6. Limitations, misconceptions, and open problems
A persistent misconception is that efficiency-aware reward is simply reward minus a length or compute penalty. The recent literature does not support that reduction. Some methods use explicit penalties, but many instead rely on correctness gates, confidence thresholds, context posteriors, batch-relative normalization, or offline reward surrogates. This is partly because the underlying assumptions are fragile: PRM-based TTR bounds depend on bounded deviations, independence assumptions, and prior choice in PAC-Bayes analysis; adaptive confidence discounting relies on entropy as a heuristic confidence proxy; and queueing guarantees change sharply between small-market and large-market regimes and between concave-like and non-concave-like reward functions (Song et al., 23 May 2025, Satici et al., 28 Feb 2025, Qu et al., 30 Jan 2026).
A second misconception is that efficiency shaping is automatically policy-preserving. SASR explicitly uses additive shaping rather than potential-based shaping and therefore does not guarantee policy invariance (Ma et al., 2024). Diffusion alignment methods remain dependent on the quality of offline rewards or reward surrogates: biased reward scores, imperfect capability estimates, or noisy listwise rewards can misdirect optimization even when the update is conservative (Wang et al., 26 May 2026, Li et al., 7 May 2026). In embodied settings, context misclassification or inference latency can transiently misprioritize reward components, and motion-aware or VLM-based reward generation remains vulnerable to perception noise and domain shift (Tian et al., 29 Jun 2026, Wang et al., 13 May 2025).

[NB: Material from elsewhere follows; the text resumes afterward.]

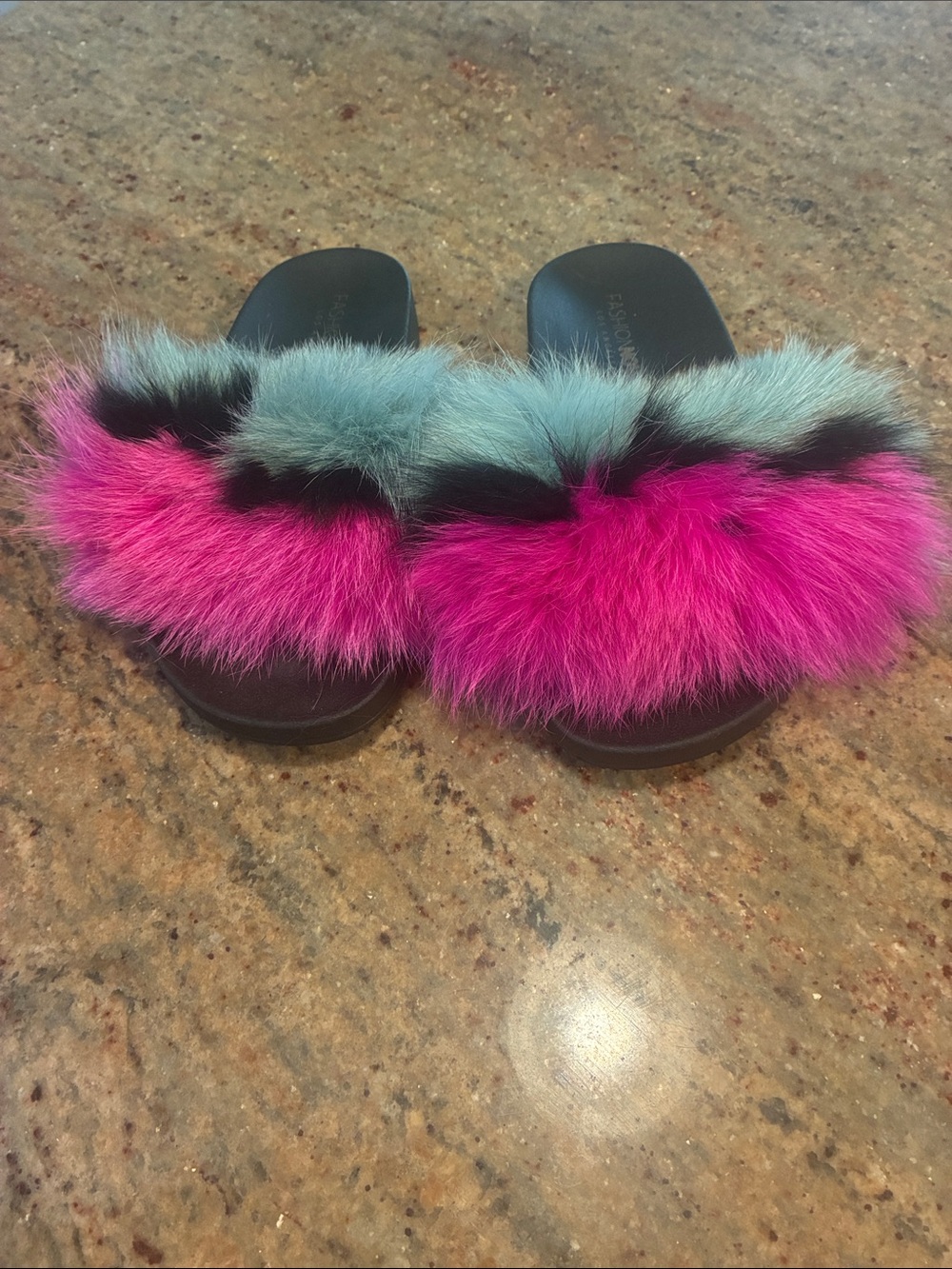 Fashion Nova Casino Rainbow Baby Slides, Size: 6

The most acute current controversy concerns stability under RL-style normalization. ACOER isolates a structural failure mode in GRPO: continuous penalties on incorrect answers create a collapse loop, whereas correct-only efficiency rewards remove that primary mechanism but still require dynamic budget normalization and control-loop adaptation to avoid stochastic over-compression (Lee et al., 21 Jun 2026). CARE reaches a similar conclusion from the multimodal side: fixed normalization confounds verbosity with task complexity, so competence-aware, batch-relative control is required for stable length adaptation (Liu et al., 18 Jun 2026).
Open problems follow directly from these limitations. External test-time reasoning calls for tighter bounds that connect PRM generalization error, reward margin, and token-level budgets, including ranking-specific or uncertainty-aware variants (Song et al., 23 May 2025). Sparse-reward shaping still lacks formal convergence guarantees in the self-adaptive, additive setting and invites richer uncertainty models than a Beta distribution over KDE-based counts (Ma et al., 2024). Reward-aware and reward-free exploration in linear MDPs remain separated by horizon factors rather than dimension, leaving the full efficiency picture incomplete (Wagenmaker et al., 2022). Taken together, these results suggest that efficiency-aware reward remains an active synthesis problem: it is simultaneously about what to optimize, when to apply that pressure, and how to ensure that the reward itself is cheap, calibrated, and structurally safe.